Either way, there are two mistakes adult internet companies tend to make when an announcement like the Kindle Fire privacy mode goes out across the wire. The first can be characterized as an overenthusiastic overreaction: Some dive into the Kindle market head-first and commit significant time and resources to Silk-optimizing their sites and mobile properties. The second mistake is the opposite: no reaction of any kind, totally ignoring any bump in traffic Silk’s new mode might offer.
The zone you want to aim for is the sweet spot between those two polar opposites; you want to take action in proportion to the opportunity the new Silk feature represents, whatever it may be. The question then becomes “How does one strike the proper balance?”
The good news is it’s easy, and doesn’t require much from you, initially at least. The first thing you need to do is simply observe.
Assuming you already have some manner of analytics set up to track your site’s incoming traffic (If you don’t, shame on you. Google Analytics is free and does everything you need.), your first step is to take note of how much traffic your site already receives from Silk-enabled devices. It’s probably a very small percentage of your traffic, so you may have to dig past the first 10 most common operating systems before you find Silk on the charts.
Make note of the initial “browser share” you see for Silk. Every couple days thereafter (or every day, if you’re the compulsive type), check the same figure to see whether it is growing. If the number never shifts significantly, you might never need to make a change to your site(s). It may be that the Silk privacy mode is of no consequence to your business, and you can forget all about it.

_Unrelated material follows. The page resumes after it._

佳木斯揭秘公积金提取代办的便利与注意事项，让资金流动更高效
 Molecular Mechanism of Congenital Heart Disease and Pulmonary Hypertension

Don’t make a decision based solely on your own analytics, however, because if your sites never see an increase in Silk usage among visitors, you can’t conclude by extension no such increase has taken place in the broader web-surfing market. Remember, your site is not representative of the market at large. Realistically, your site is a tiny, tiny slice of the broader market, even if you receive hundreds of thousands of unique visits a day.
Once you have collected several weeks of data (four to six is plenty), the next step is to do some research about Silk’s overall browser market share. You probably won’t be able to find any reliable stats which are porn-specific, but you should be able to track down some general stats regarding Silk’s position in the race for browser supremacy. Again, odds are Silk will not crack the top five among browsers anytime soon, but it could make enough headway to become something worth paying attention to.
Once you have gathered the data, compare the position of Silk in your analytic stats to its general position in the market. If the percentage of Silk-using visitors in the general market is greatly outpacing its presence in your stats, make note. This still doesn’t mean you should leap on Silk-optimizing your sites, but it’s another thing to keep an eye on as you consider the option.
Two things will signal that it’s time to make changes (if any are needed) to your sites in order to optimize them for Silk: a significant increase in Silk use as reflected in your site’s analytics and/or a growing disparity between Silk’s share of the general web-surfing market and its presence within your analytics. Either suggests Silk is becoming a player worthy of your time and attention.
To be clear, even if Silk’s market share grows quickly and significantly, it has a long way to go before it becomes something worthy of iOS- or Android-levels of attention . It’s not going to make the difference between retiring on Easy Street and having to sell your possessions and wrap your feet in newspaper on cold nights.
What Silk might do, if it helps Fire devices catch on with consumers, is provide a little bump to your revenue by bringing in some new customers or by giving your existing customers a better way to watch porn than their current method.
Regardless of what Silk and its new privacy mode accomplish in terms of market share, the smart play for now is to watch and wait. This isn’t 2007, and the addition of a privacy mode to Fire devices is not exactly the advent of the iPhone, so what you need isn’t urgency and enthusiasm. It’s patience and realism.